The first cars ever couldn't drive in 100F+ heat, and wouldn't start below 0F. And even worse, there were virtually zero gas stations! Especially in rural areas!

Does that mean they were useless? Absolutely not!

Lately the mindset seems to be unless a product is all things to all people at all times then it's useless.

In reality a product just has to fit a category really well and it will sell like hotcakes. Then it will evolve in iterations.


This reminds me of intel's optane. Yes they overhyped it and it doesn't perform 1000x faster than SSDs. But you have to consider that SSDs required decades of improvements to become viable and cheap. Even when Optane was a first generation product it was already better than SSDs in terms of latency and IOPS but despite that people thought it was a massive failure.


Sure. This is just pushback to the recent hype "it has full autonomy capabilities [small print: except not at all]". If the first cars had been marketed as "better in every aspect and in any conditions", you would have seen similar reactions.


I think it is because I assume that highway driving in good weather is a solved problem. I'm a skeptic so I also belong to those that believe that "complex" driving in bad weather is a nearly impossible problem to solve. So the interesting part of this discussion isn't "will cars have useful autonomous features?", but "will we see completely autonomous cars?". The second part is key because that is what things like autonmous taxis require.


My old summary has been that current driving on current roads with current traffic occasionally but too often for practice requires actual, full human intelligence, generally that of a prudent person over 16.

So, the intelligence of a mouse, crow, parrot, dog, cat, monkey, elephant, dolphin, orca, etc. just is not enough.

So, self driving cars requires essentially full AI for driving and nearly everything else in life. So, the self driving car problem is no easier than the full AI problem.

Sure, there can be some special cases that are easier -- trucks in a huge, open pit copper mine, a tractor on a huge, flat farm in Missouri, some military battlefield situations, and the public roads if heavily reengineer them with lots of essentially electronic tracks, etc., uh, right, on roads in perfect condition, no big objects falling off trucks, no drunks, no tire blowouts, dry weather, daylight, perfect visibility, no alarms from an extensive monitoring system, and no rain, sleet, or snow. Then, sure, a "self-driving car"!!!!

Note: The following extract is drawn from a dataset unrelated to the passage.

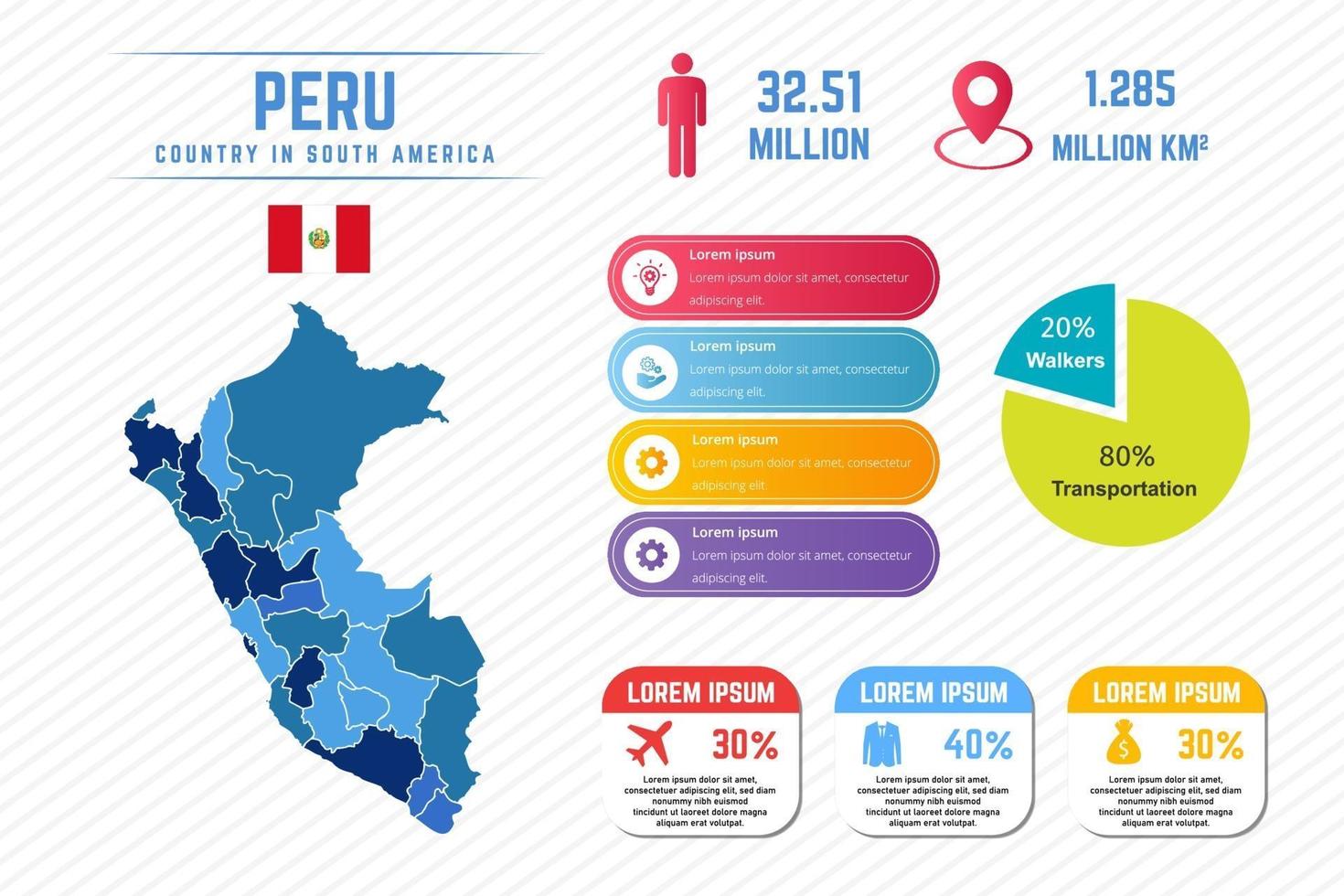 colorida plantilla de infografía de mapa de perú vector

Honestly, it seems like a more workable solution would be to improve the roadways with built-in beacons to indicate where a road is, and where it isn't. The cars would work only on the improved infrastructure, but they would work. I suppose there is a danger of nefarious actors spoofing beacons to make you drive off a bridge, but it seems far-fetched.


To me that removes the "self" in self-driving car. A car that stays on the road because there are magic beacons is like bowling with thise giant bumpers in the gutters. It'd be more like cars with uber cruise control.


Don't we want driving to be more like bowling with bumpers in the gutters?

Safer is better, no matter how we get there.


> Safer is better, no matter how we get there.

Not really true. It'd be safer to just get rid of high-speed vehicles in the first place, but that would be disastrous.


Yeah, I knew that was a bit hyperbolic when I wrote it.


That would be a train, essentially. Nothing wrong with that - but some of the stakeholders would need to eat crow. That could prove problematic, as some actors have doubled down on the "full autonomy real soon now™".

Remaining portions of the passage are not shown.